La respuesta se hallaba en un latinismo: momentum. Pero ¿qué demonios es un momentum?
En física, la palabra de origen latino momentum designa la velocidad adquirida por una masa en movimiento. En algunas lenguas se ha convertido en una metáfora para indicar un arranque, una aceleración. En dialéctica —momentum es un concepto ampliamente empleado por Hegel—, marca un umbral, una condensación de elementos formados con anterioridad cuyo peso acumulativo da un arranque cualitativamente nuevo, abriendo una situación inédita.4
Lo sucedido era fruto de la Historia. La Historia nunca se repite, aunque a veces no lo parezca.
Por ejemplo, en 1897 se produjo una denuncia anónima por supuesto fraude a Hacienda motivada por el impago de la correspondiente contribución de la enseñanza de canto, hecho que perjudicaba a los profesores y centros que debían satisfacerla.5 El Orfeó se plantó en sus trece y se negó a pagar dicha contribución, lo que hizo que se embargara la senyera de la entidad. El hecho fue considerado como «el símbolo de la persecución contra Cataluña por parte del centralismo español. El embargo de la senyera fue la chispa que prendió la hoguera. La senyera liberada de las manos del fisco se convirtió en el emblema de la la patria liberada» (junta general del Orfeó Català, 20 de enero de 1901). El asunto se saldó con el pago del impuesto (1.000 pesetas) por parte de un donante anónimo, según diversas fuentes.6
Un año después, el maestro Millet, el tío abuelo de nuestro Millet, también fue objeto de una polémica cuando los señores Ramon Guitart y Josep Cerdà denunciaron a la entidad por saltarse los estatutos.
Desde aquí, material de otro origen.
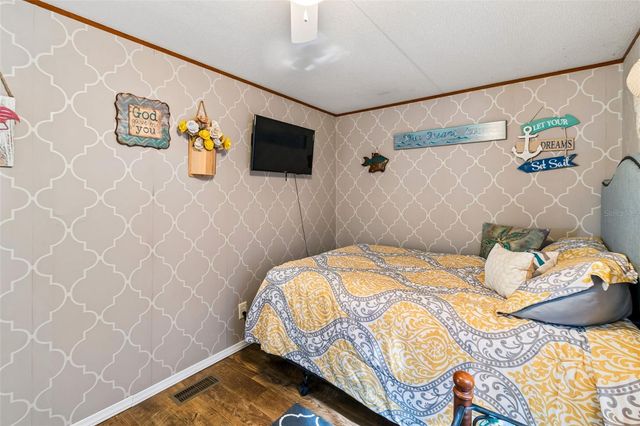 1 CANDLELIGHT LOOP, Lake Wales, FL 33859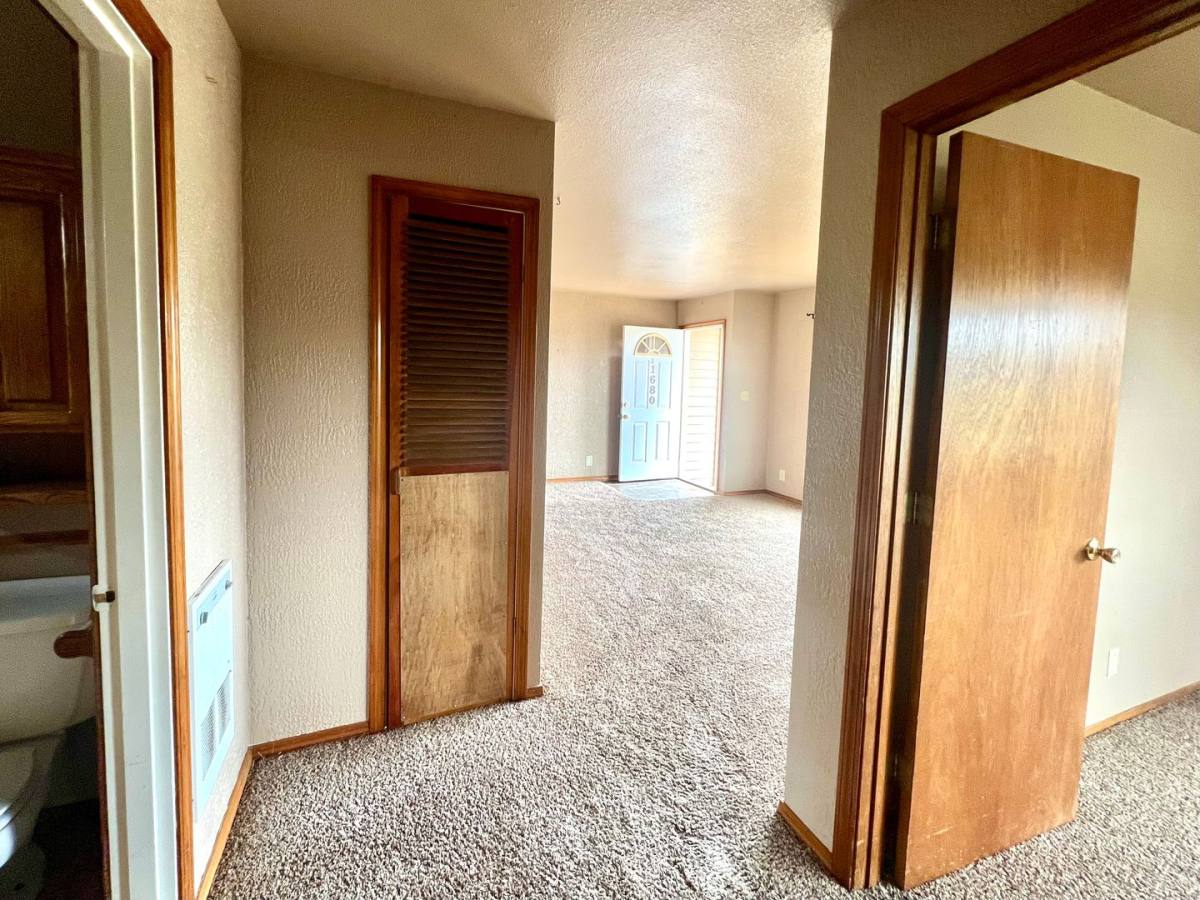 House for rent at 1680 Garfield St, North Bend, OR 97459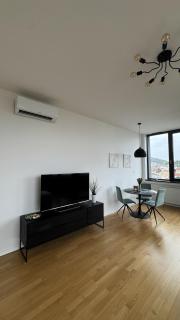 Balcony with views Modern apartment free parking - 8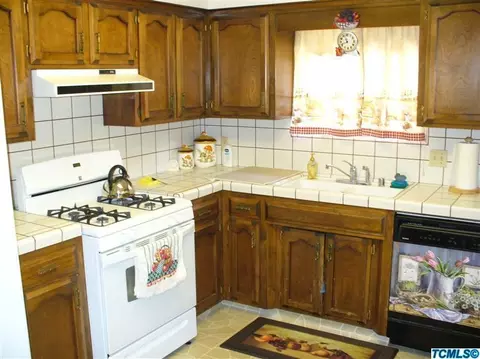 2401 E Hillcrest Ct, Visalia, CA 93292 photo 5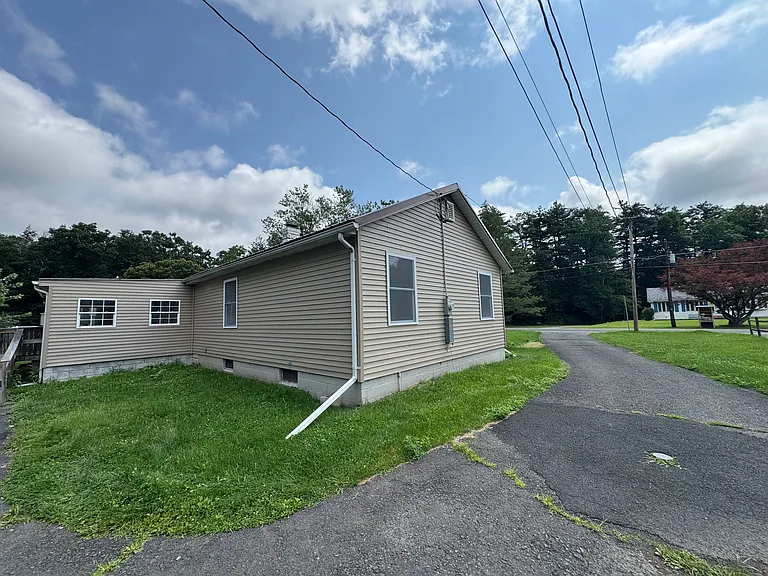 197 Route 715 — Photo 2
Todos aquellos que se hicieron socios del Orfeó Català pensando de buena fe que el objetivo de esa institución era difundir las canciones de nuestra tierra haciéndolas agradables por la belleza que contienen desde el punto de vista estético y patriótico, se equivocaron por completo. Allí sólo existe el objetivo único y exclusivo del provecho personal, del medro raquítico, la peseta. O si no, ¿creen que el señor Millet, que como músico es bien poca cosa, sin el escabel del Orfeó habría pescado la plaza de profesor de la Escuela Municipal de Música que, si bien es cierto que la paga no es mucha, unida a los regalos que los alumnos le hacen «espontáneamente», no es despreciable?7
La Historia no había cometido el delito, pero la historia, que había permitido con sus contradicciones insuperables que se cometieran delitos, resultaba ser pues un colaborador necesario.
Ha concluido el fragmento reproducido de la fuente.